## Task
Write out, word for word, the part of the listing below that opens with the line containing "2010 Lexus HS 250h 250h" and closes with the line containing "Hanging Wall Fountain Old Rose", keeping both of those lines and adding no others.

## Data for this exercise

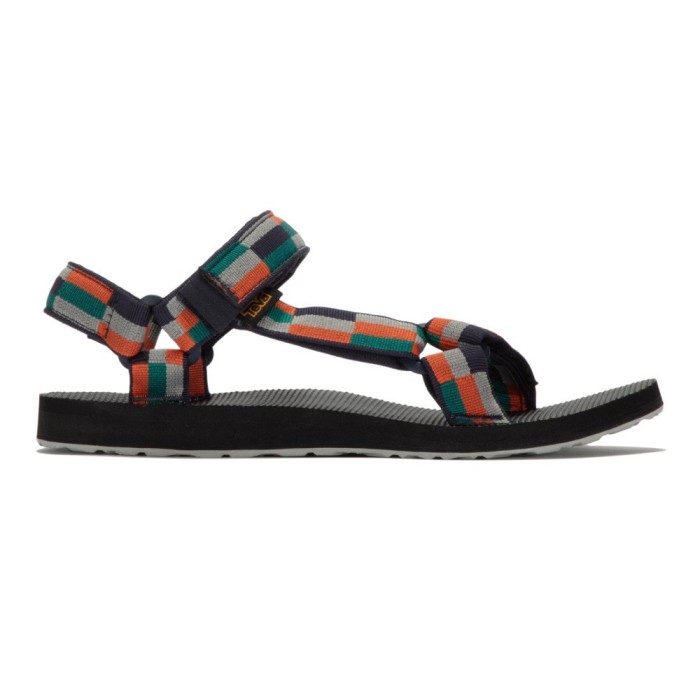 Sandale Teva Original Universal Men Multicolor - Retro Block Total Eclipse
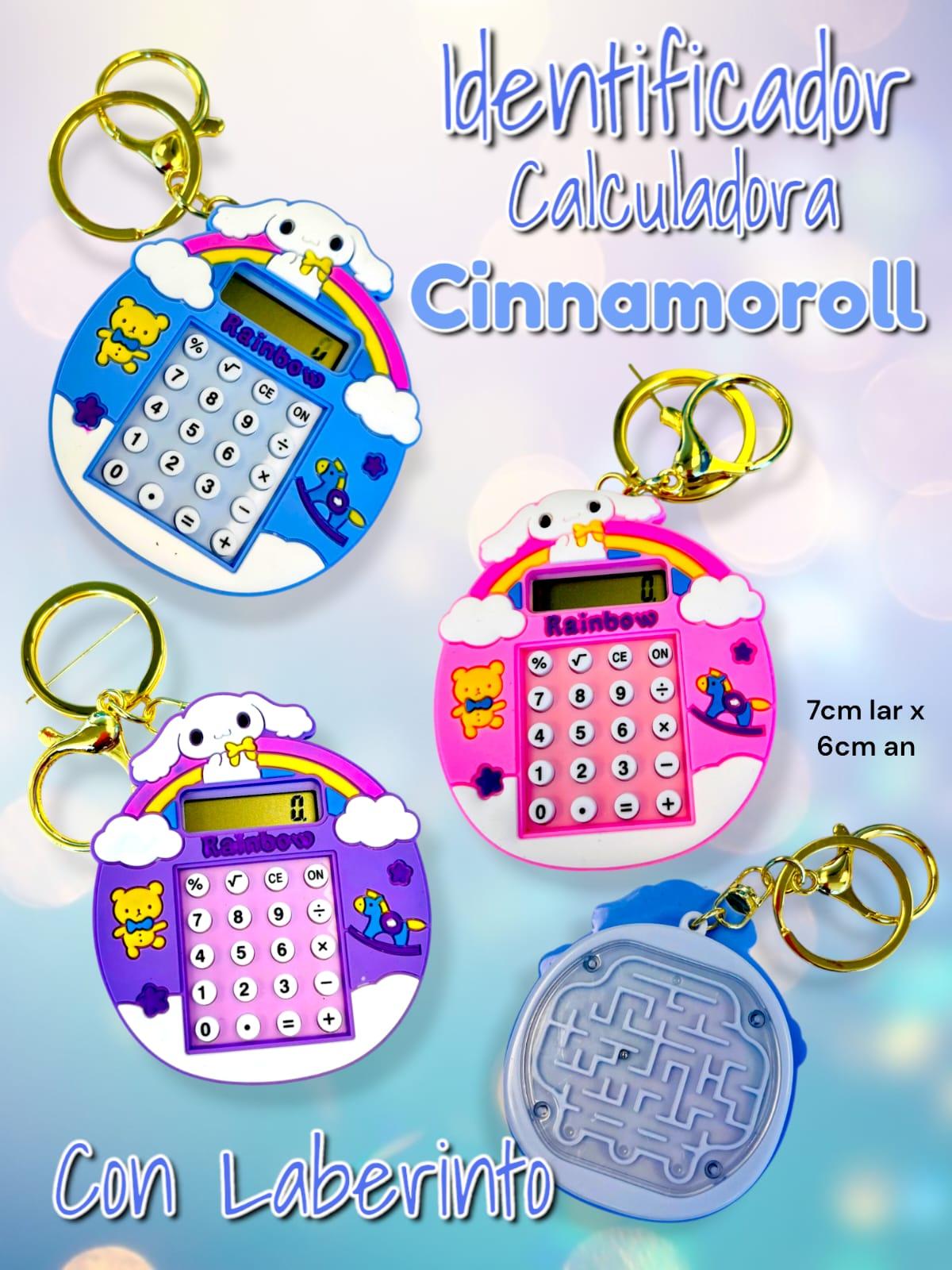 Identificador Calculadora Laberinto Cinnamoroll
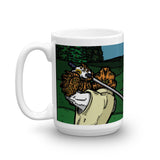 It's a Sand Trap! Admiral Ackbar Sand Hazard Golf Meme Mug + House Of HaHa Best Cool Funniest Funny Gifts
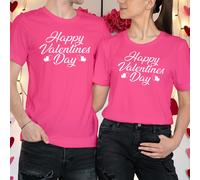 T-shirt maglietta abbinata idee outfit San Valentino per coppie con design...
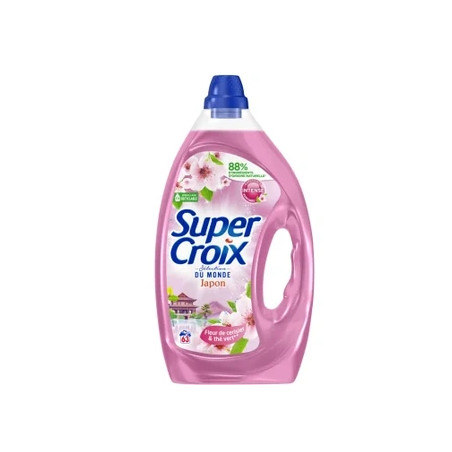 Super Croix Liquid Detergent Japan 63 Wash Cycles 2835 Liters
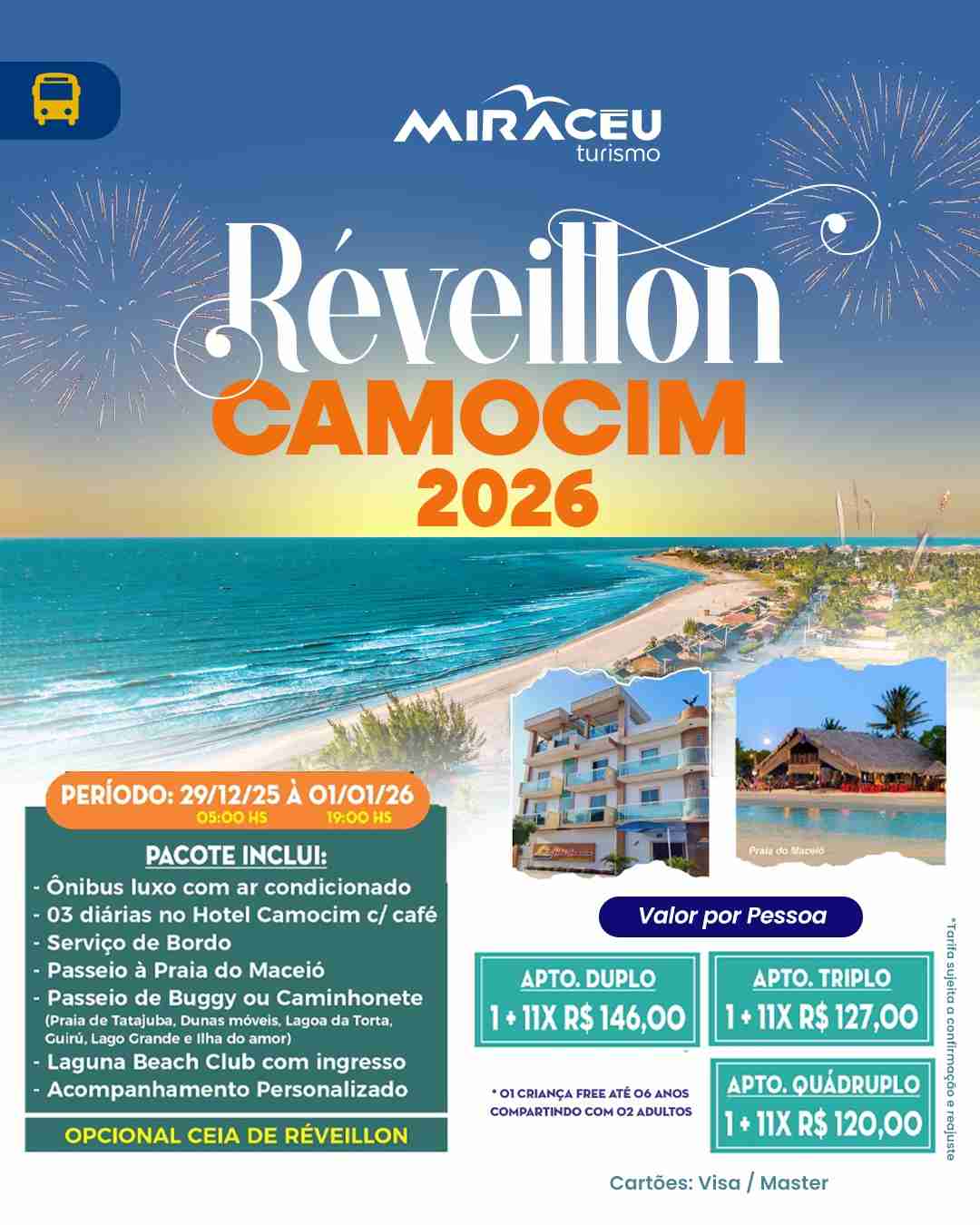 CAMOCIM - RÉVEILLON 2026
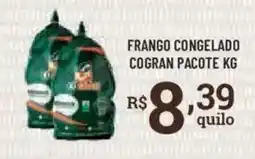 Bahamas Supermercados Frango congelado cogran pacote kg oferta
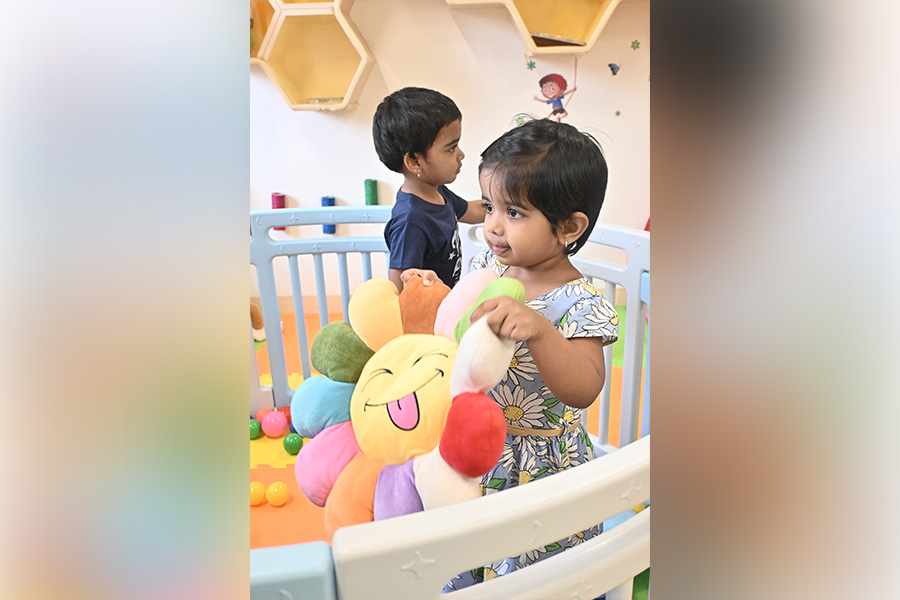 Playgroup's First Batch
==
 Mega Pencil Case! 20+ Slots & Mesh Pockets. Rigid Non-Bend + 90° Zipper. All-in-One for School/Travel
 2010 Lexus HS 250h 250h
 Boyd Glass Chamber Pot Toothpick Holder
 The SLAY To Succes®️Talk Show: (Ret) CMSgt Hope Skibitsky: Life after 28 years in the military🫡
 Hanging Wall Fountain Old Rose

## Result of this task
 2010 Lexus HS 250h 250h
 Boyd Glass Chamber Pot Toothpick Holder
 The SLAY To Succes®️Talk Show: (Ret) CMSgt Hope Skibitsky: Life after 28 years in the military🫡
 Hanging Wall Fountain Old Rose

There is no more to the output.